====== RAW DATA ======
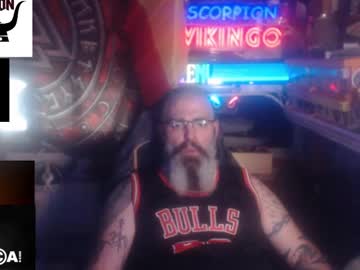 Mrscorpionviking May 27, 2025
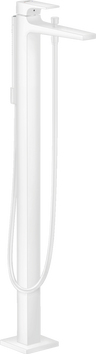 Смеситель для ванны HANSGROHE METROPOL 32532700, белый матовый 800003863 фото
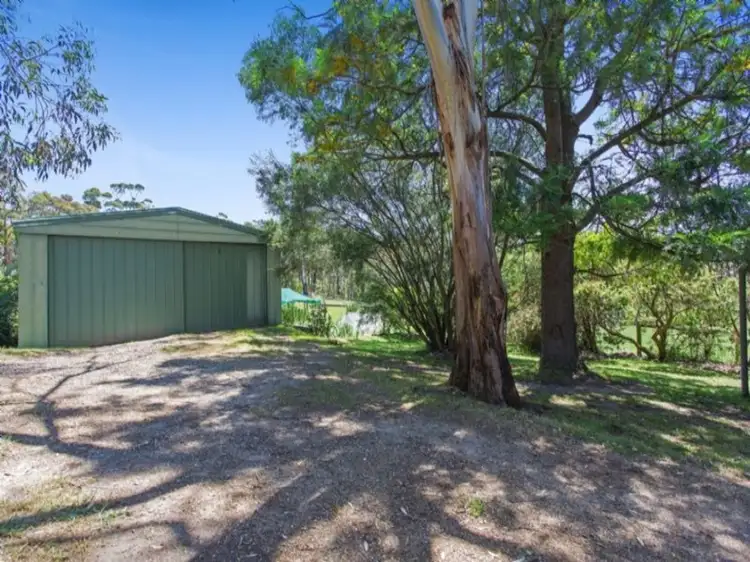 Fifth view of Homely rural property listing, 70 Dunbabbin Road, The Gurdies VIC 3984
======
Without the pictures, write out the whole listing above exactly as it appears.

▸ **TASK SOLUTION**
 Mrscorpionviking May 27, 2025
 Смеситель для ванны HANSGROHE METROPOL 32532700, белый матовый 800003863 фото
 Fifth view of Homely rural property listing, 70 Dunbabbin Road, The Gurdies VIC 3984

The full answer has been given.